State official approves payouts in county school district

- CYNTHIA HOWELL

Teachers in the Pulaski County Special School District can expect to receive salary bonuses of $960 each before the annual winter break for the Christmas and New Year’s holidays.

Arkansas Education Commission­er Tony Wood, who acts in lieu of an elected school board in the state-controlled Pulaski County Special district, approved the bonus payments Friday on the unanimous recommenda­tion of the district’s Community Advisory Board the night before.

The bonus will go to all of the district’s 1,260 teachers and 120 certified administra­tors.

“The payroll department has begun to process the payment of the bonus,” Pulaski County Special district Superinten­dent Jerry Guess wrote in an email to all employees Friday. “We are unsure of precisely what day it will be paid, but I am confident checks will be issued before the Christmas break.”

The district has already distribute­d bonuses of $515 each to noncertifi­ed support-service employees.

Pulaski County Special is the second district of three in Pulaski County to award bonuses this year instead of across-the-board pay increases that are built into the employee salary schedule and must be paid annually from here on out.

The North Little Rock School Board approved bonuses for its employees last month. The Little Rock School Board has not taken any action on bonuses or across-the-board raises for its employees this year.

Eligible employees in all three Pulaski County area districts have received pay increases for their additional year of work experience, but employees at the top of their salary schedules are ineligible for those experience increments.

Guess said in an interview Friday that the district, which is still labeled by the state as being in fiscal distress, has achieved a sufficient and stable budget with reserve funds equal to 10 percent of its operating expenses.

“If we can share some of our revenue with employees, then it is good business to acknowledg­e how much you appreciate people,” Guess said.

In the email, Guess thanked the employees for their hard work on behalf of students.

“I truly believe that we have the most important job in our great nation — we get to help prepare the children of our district for whatever they might choose to do in their future,” he wrote.

The Certified Personnel Policies Committee in the Pulaski County Special district initially urged the district and the Community Advisory Board to recommend a 2 percent salary increase for teachers, which was rejected by Wood.

That prompted the committee to recommend a bonus of $1,250 for teachers, the amount of the bonus in the 2013-14 school year.

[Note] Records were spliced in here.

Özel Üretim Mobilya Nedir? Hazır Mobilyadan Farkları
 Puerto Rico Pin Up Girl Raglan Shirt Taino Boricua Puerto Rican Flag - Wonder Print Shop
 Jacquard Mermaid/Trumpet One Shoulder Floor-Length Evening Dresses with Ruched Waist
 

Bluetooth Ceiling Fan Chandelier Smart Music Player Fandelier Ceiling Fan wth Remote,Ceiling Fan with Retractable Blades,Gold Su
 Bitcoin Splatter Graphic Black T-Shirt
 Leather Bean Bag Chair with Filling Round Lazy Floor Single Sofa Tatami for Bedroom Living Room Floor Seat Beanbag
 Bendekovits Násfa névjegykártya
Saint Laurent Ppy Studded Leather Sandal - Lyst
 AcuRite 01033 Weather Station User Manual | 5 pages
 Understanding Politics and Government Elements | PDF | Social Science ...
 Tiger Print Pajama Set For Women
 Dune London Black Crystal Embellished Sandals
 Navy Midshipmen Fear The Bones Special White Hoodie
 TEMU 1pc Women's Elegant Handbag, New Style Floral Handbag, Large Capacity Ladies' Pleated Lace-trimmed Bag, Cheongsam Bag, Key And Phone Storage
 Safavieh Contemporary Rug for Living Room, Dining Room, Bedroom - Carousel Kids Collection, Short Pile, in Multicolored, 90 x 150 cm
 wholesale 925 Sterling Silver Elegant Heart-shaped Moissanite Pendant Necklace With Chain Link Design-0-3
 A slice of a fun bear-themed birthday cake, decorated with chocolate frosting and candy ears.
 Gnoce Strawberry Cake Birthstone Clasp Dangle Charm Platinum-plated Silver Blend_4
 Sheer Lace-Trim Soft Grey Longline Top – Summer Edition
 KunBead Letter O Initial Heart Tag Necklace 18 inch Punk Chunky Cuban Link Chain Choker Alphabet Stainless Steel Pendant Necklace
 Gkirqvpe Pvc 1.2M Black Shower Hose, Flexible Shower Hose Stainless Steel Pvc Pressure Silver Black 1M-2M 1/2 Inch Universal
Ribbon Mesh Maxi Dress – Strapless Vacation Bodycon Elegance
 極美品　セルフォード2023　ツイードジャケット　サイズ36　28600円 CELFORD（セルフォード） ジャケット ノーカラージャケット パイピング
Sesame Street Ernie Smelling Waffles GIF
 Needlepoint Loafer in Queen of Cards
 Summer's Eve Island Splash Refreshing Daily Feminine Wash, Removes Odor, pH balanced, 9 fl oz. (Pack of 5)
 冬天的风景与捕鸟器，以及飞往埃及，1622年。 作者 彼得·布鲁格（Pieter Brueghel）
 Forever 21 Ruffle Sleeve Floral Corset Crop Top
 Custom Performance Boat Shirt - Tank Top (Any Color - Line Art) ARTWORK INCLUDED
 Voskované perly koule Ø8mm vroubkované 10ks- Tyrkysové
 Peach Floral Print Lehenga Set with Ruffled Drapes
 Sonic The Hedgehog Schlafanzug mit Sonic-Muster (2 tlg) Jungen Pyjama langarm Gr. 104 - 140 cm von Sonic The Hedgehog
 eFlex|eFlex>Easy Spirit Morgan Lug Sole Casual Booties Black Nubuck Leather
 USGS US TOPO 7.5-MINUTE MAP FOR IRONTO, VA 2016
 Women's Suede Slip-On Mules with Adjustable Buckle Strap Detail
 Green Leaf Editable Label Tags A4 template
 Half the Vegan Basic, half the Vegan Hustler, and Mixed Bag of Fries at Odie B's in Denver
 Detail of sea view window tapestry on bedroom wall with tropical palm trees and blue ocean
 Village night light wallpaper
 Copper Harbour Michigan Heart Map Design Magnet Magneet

The Community Advisory Board, however, favored the $960 amount for this year. The Personnel Policies Committee met again earlier this week, Guess said, and voted in support of the $960 amount.

The North Little Rock district is paying bonuses of $975 to the majority of its teachers and $1,250 for that district’s most senior teachers who are at the top of their salary schedule and ineligible for experience increments.